By the time I was in high school though, I’d forgotten all about Mrs. Soldridge and her Autoharp.  I was too busy failing in my attempts to play the opening of Stairway to Heaven on my guitar.  The Autoharp was old-fashioned and silly and so were all those traditional folk songs I loved as a kid.

Flash forward more decades than I’d like to count and enter Evo Bluestein.  Evo brings traditional folk music and dance to schools across the country.  His ability to charm even an introvert like me into believing she’s musical is legendary.  I could take a few pages to sing Evo’s praises but it would be easier for you to just click here.  On Saturday Evo offered an Autoharp Workshop at Gryphon Music in Palo Alto.  With my friend Sarah’s encouragement, I signed up.

The workshop began at 1:00 when I pulled a 21-bar Evoharp (Evo’s custom built version of the Autoharp) from its case.  By 1:15 Sarah and I were playing our first song.  Knowing he had two (cough) extraordinarily talented students in front of him he decided on a more accelerated course.   By 2:00 he and Sarah – a music teacher with a classically trained voice and her own 14-bar Evoharp – were playing exquisite melodies while I attempted to keep a steady rhythm (pick strum pick strum pick strum…).  Our voices rang out in three-part harmony.  By 2:30 Evo was introducing me to more complicated strumming patterns and by 2:45 my left arm was ready to fall off.

He ended the workshop by playing a Bessie Smith blues number.  It was unbelievable.

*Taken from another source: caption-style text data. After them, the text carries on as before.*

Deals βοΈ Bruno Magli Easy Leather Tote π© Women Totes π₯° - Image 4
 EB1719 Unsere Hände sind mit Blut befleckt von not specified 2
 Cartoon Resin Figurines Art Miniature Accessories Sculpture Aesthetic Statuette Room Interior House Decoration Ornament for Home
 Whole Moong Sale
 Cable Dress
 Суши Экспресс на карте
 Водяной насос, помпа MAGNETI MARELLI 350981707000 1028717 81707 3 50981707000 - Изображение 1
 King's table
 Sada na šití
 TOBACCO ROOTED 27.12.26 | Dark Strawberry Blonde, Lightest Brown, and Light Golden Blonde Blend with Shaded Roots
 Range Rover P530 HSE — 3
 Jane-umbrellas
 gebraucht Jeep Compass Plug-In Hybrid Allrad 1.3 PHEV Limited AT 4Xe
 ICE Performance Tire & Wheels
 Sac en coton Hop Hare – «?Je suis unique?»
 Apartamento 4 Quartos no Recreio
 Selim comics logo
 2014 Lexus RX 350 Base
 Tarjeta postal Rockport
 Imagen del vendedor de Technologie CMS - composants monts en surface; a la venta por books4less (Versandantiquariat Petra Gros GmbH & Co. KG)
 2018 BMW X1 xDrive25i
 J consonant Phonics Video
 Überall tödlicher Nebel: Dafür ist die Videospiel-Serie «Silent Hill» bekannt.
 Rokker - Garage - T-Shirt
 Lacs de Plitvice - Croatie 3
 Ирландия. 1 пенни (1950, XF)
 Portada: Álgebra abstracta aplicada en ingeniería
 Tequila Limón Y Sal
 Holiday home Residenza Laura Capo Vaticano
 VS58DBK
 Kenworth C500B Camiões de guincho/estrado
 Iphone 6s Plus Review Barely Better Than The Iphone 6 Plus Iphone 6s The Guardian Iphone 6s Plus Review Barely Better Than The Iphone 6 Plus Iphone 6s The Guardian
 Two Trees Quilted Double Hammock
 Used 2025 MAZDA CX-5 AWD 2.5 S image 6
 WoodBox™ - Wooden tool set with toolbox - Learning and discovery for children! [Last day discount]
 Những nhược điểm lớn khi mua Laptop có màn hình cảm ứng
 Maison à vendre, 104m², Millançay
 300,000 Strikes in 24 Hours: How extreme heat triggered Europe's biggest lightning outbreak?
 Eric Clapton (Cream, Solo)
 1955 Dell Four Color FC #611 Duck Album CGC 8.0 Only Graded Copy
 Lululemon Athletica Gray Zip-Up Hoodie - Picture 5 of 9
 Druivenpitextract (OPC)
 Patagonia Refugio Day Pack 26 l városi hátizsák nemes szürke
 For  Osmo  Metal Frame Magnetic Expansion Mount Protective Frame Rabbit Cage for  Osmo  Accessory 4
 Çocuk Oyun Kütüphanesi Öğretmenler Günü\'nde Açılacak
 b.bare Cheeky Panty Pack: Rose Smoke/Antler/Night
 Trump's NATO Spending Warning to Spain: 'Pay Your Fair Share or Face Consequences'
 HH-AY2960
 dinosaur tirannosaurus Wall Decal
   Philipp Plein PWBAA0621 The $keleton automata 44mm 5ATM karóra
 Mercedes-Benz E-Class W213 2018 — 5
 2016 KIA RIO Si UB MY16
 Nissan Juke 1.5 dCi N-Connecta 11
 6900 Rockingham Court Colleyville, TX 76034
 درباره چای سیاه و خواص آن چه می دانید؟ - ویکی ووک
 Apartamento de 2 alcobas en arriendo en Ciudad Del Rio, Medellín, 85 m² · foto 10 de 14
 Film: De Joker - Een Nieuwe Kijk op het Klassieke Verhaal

Music transforms you.  It alters the beat of your heart and the way blood spills through your veins.  I walked into that workshop a bit blue and more than a little nervous.  I left two hours later knowing there had been change on a cellular level.

Today music was my Yoga and every cell of my body was filled with joy.

I loved every single minute of that time spent with my friend, with Evo and with music.  I’m no Mother Maybelle, but damn that was fun!


My Weekend with Hermann Hesse

Siddhartha (novel)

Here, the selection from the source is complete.